André Minvielle, poète gasconcubin

Portrait du chanteur et acrobate des mots.


Photo © Frank Bigotte

Invité par le pianiste “grand format” Jean-Marie Machado, il s’empare de la langue en folie de Boby Lapointe.

Y a-t-il beaucoup d’artistes que l’on retourne voir en concert régulièrement et que l’on redécouvre à chaque fois ? J’en connais au moins un, c’est Dédé. Dédé le Béarnais, lou Dédé Minvielle, le poète gasconcubin né une deuxième fois à Uzeste grâce à Bernard Lubat. Uzeste musical, Uzeste tropical, l’homme qui “fout le contact”, l’homme qui suivait l’accent, le lecteur d’Henri Meschonnic et du Dictionnaire des onomatopées de Charles Nodier, le passionné de micromécanique musicale (les pygmées Aka, Ligeti, Schönberg…). Je pourrais continuer comme ça assez longtemps à lancer des mots qui n’évoquent rien pour ceux qui n’auraient jamais vu ni entendu notre homme.

Reprenons : André Minvielle est la générosité faite musique. Au fil du temps et des rencontres, il s’est façonné un monde sonore qui permet aux bienheureux présents lors de ses concerts de ne pas avoir à choisir entre fromage et dessert, de partir à la montagne avec leur maillot de bain, leur marmaille à promener dans les chemins, leur parapente, leurs claves, leurs pelles et leurs seaux. Cet homme est capable d’évoquer la mondialisation, les OGM, la découverte du Nouveau monde et les courges devenues instruments de percussion dans un poème sonore bilingue qu’il traduit lui-même au fur et à mesure. Cela s’appelle Lagenaria - c’est le nom d’une cucurbitacée dont l’espèce la plus connue est la calebasse, vous me suivez ?

André Minvielle © F. Bigotte

Invité par le pianiste “grand format” Jean-Marie Machado, il s’empare de la langue en folie de Boby Lapointe et atteint des sommets d’émotion dans un hommage inédit intitulé “Le vivant" [1].

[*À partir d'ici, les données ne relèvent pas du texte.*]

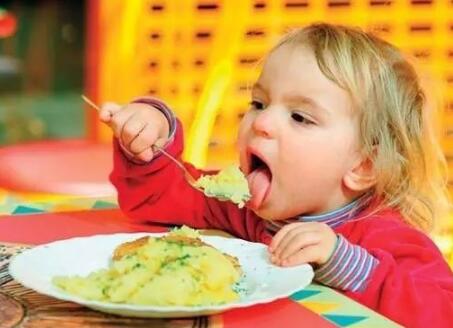 宝宝过春节▲宝宝过春节要注意什么 这些事项要注意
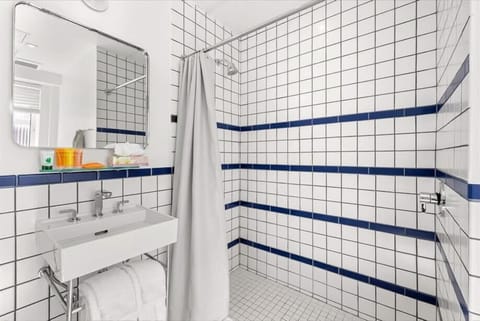 Miami Studio King + Sleeper Bathroom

Comble de bonheur, il a publié deux “directs” du gauche, deux enregistrements de concerts, l’un en solo à Montreuil face à des enfants (mais face à lui, nous le sommes tous), l’autre en duo avec l’accordéoniste Lionel Suarez qui, pauvres de nous, a quitté le Tandem qu’il a enfourché quelques années avec Dédé. Ecoutez « L’Esquinade », ode à la cuisine méditerranéenne be-bop, vous m’en direz des nouvelles.

Et puis il y a Marc Perrone. Impossible d’évoquer l’un sans l’autre. L’émotion qui saisit à l’écoute de leurs duos n’a pas d’égale. Leur fête a toujours un goût de nostalgie, leur tristesse est légère comme un sac plastique. Quand ils reprennent « Esperanza l’aranesa » aux Bouffes du Nord (Festival La Voix est libre), le public se lève pour danser, comme un seul homme. “Chauves power !” comme dirait Andy Emler.